Some National Grid customers will get $$ from settlement
By Katie Lannan
More than 50,000 National Grid customers will receive refunds or credits after they were improperly charged reconnection fees for their gas service, Attorney General Maura Healey announced Tuesday.
The refunds are part of a $7 million settlement Healey's office reached with National Grid, which also includes $3 million that will be used to help Massachusetts customers with their gas bills, $180,000 to the state's general fund, and $20,000 to defray the cost of Healey's investigation.
According to the AG's office, from 2010 to 2016 National Grid improperly charged 53,000 residential customers a $50 reconnection fee after their gas service was shut off for non-payment.

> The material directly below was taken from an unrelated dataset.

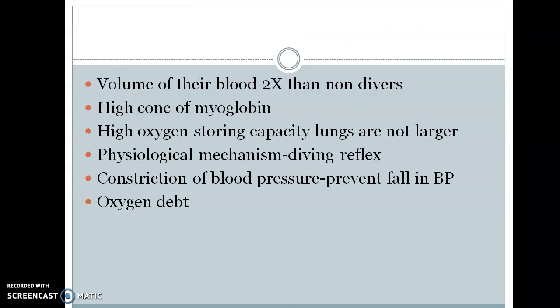The volume of blood is two times greater than in non-divers. Many of them have a high concentration of myoglobin and high oxygen-storing capacity. Their lungs are not larger than those of non-divers. During diving, circulatory and respiratory adjustments occur to ensure proper distribution and maximum utilization of oxygen.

Many of those customers paid the fee multiple times, resulting in over 76,000 improper assessments. One low-income resident was charged the fee 13 times, Healey said.
National Grid agreed to eliminate the fee in 2010, and attributes the continued billing to a coding error in its system, Healey's office said.
The settlement also calls on the utility to improve its processes so similar billing system errors do not happen in the future.
Current and former National Grid residential gas customers who believe that they were assessed a gas reconnection fee between November 2010 and November 2016 and who have not already received a bill credit should contact National Grid at 1-800-233-5325 within one year to obtain a bill credit or refund from the company.